As tempting as they might be, you should probably avoid using the free charging stations that you see in airports, hotels, shopping centers, and even outside. According to the FBI’s Denver Field Office, hackers have found ways to use public USB ports to put malware and monitoring software onto the phones and tablets of unsuspecting users. Of course, not every public USB port is a threat, but it’s better to be safe than sorry.
FBI: Free charging stations put devices at risk
Last week, the FBI shared the following warning on Twitter regarding free charging stations. It’s unclear what prompted the tweet, but there have presumably been enough incidents that the Denver Field Office deemed it necessary to issue a warning:
As the FBI notes in its tweet, there is a simple alternative to plugging your device directly into a public USB port: Just use an electrical outlet instead. Carrying around a charging brick isn’t ideal, and finding an accessible outlet isn’t always easy, but at least you won’t have to worry about bad actors surreptitiously installing malware on your phone.

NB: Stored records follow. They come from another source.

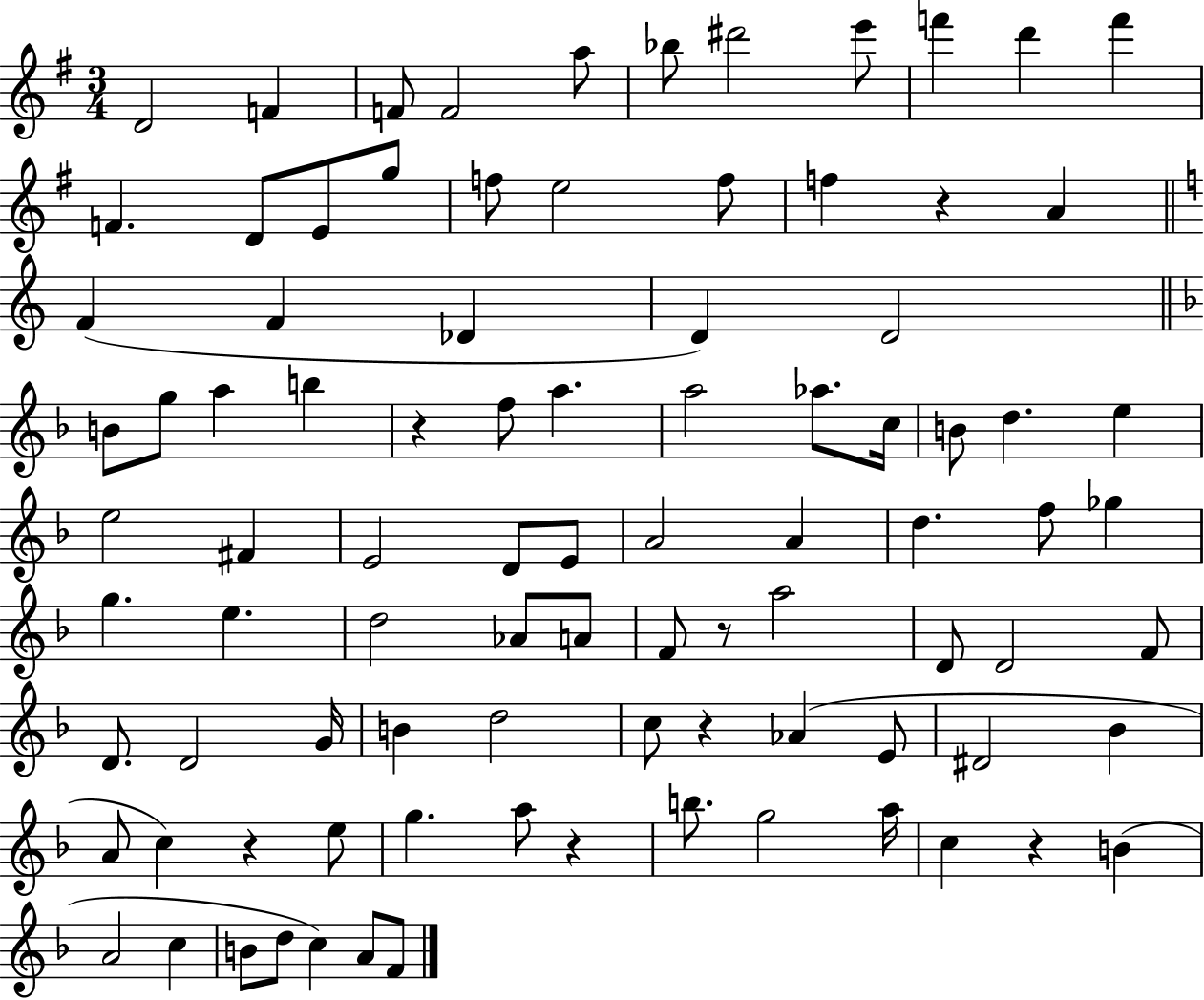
{
  \clef treble
  \numericTimeSignature
  \time 3/4
  \key g \major
  \repeat volta 2 { d'2 f'4 | f'8 f'2 a''8 | bes''8 dis'''2 e'''8 | f'''4 d'''4 f'''4 | \break f'4. d'8 e'8 g''8 | f''8 e''2 f''8 | f''4 r4 a'4 | \bar "||" \break \key c \major f'4( f'4 des'4 | d'4) d'2 | \bar "||" \break \key d \minor b'8 g''8 a''4 b''4 | r4 f''8 a''4. | a''2 aes''8. c''16 | b'8 d''4. e''4 | \break e''2 fis'4 | e'2 d'8 e'8 | a'2 a'4 | d''4. f''8 ges''4 | \break g''4. e''4. | d''2 aes'8 a'8 | f'8 r8 a''2 | d'8 d'2 f'8 | \break d'8. d'2 g'16 | b'4 d''2 | c''8 r4 aes'4( e'8 | dis'2 bes'4 | \break a'8 c''4) r4 e''8 | g''4. a''8 r4 | b''8. g''2 a''16 | c''4 r4 b'4( | \break a'2 c''4 | b'8 d''8 c''4) a'8 f'8 | } \bar "|."
}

The FCC refers to the tactic of infiltrating devices via USB charging stations as “juice jacking.” The agency warns that malware installed through a “dirty” USB port can be used to remotely lock your device or export your personal data and passwords to a hacker.
The FCC also shared the following tips to avoid becoming a victim of juice jacking:
- Avoid using a USB charging station. Use an AC power outlet instead.
- Bring AC, car chargers, and your own USB cables with you when travelling.
- Carry a portable charger or external battery.
- Consider carrying a charging-only cable, which prevents data from sending or receiving while charging, from a trusted supplier.
Keep all of this in mind before you plug your USB cable into any old port you come across.